WHAT TO WORK ON ▸ Below are some records. Quote exactly the lines from the one that contains "海遊館に行かなくても、グッズ" through the last, both included, and leave out the pictures.

____________

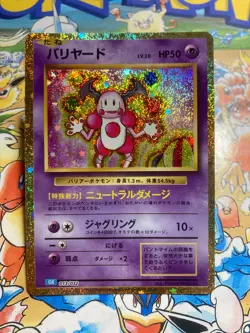 Mr. Mime 013/032 Pokemon TCG Classic Blastoise Pokemon Japanese TCG - Image 1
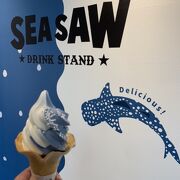 海遊館に行かなくても、グッズは買えます!　ジンベエザメソフトクリームがかわいくて美味しかった!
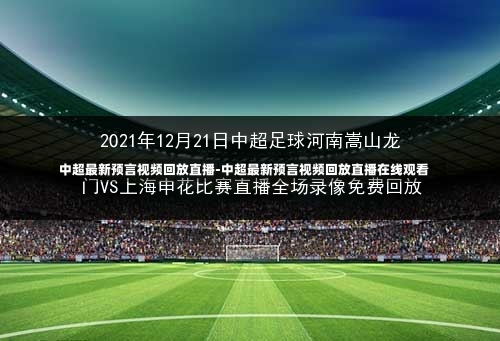 中超最新预言视频回放直播-中超最新预言视频回放直播在线观看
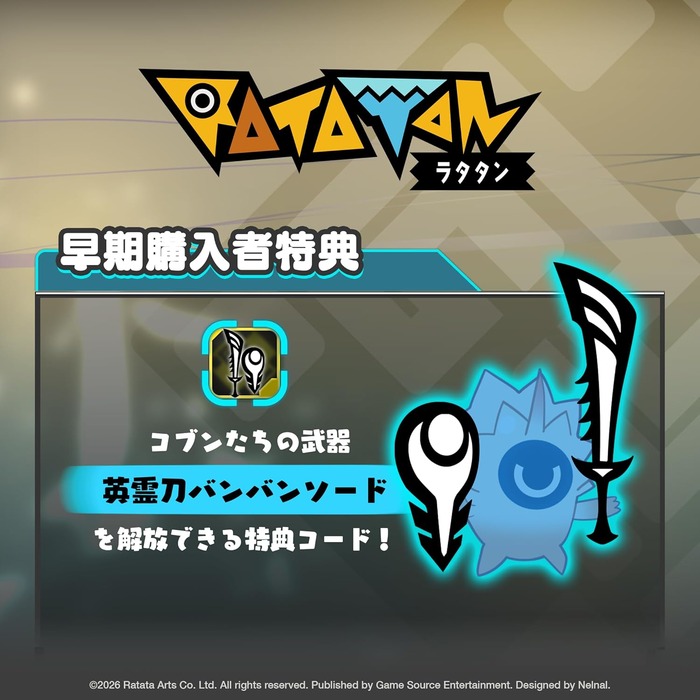 早期特典は「英霊刀バンバンソード」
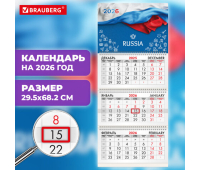 Календарь квартальный на 2026 г., 3 блока, 3 гребня, бегунок, офсет, BRAUBERG, "Россия", 116765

____________

RESULT FOR THIS EXERCISE ▸
 海遊館に行かなくても、グッズは買えます!　ジンベエザメソフトクリームがかわいくて美味しかった!
 中超最新预言视频回放直播-中超最新预言视频回放直播在线观看
 早期特典は「英霊刀バンバンソード」
 Календарь квартальный на 2026 г., 3 блока, 3 гребня, бегунок, офсет, BRAUBERG, "Россия", 116765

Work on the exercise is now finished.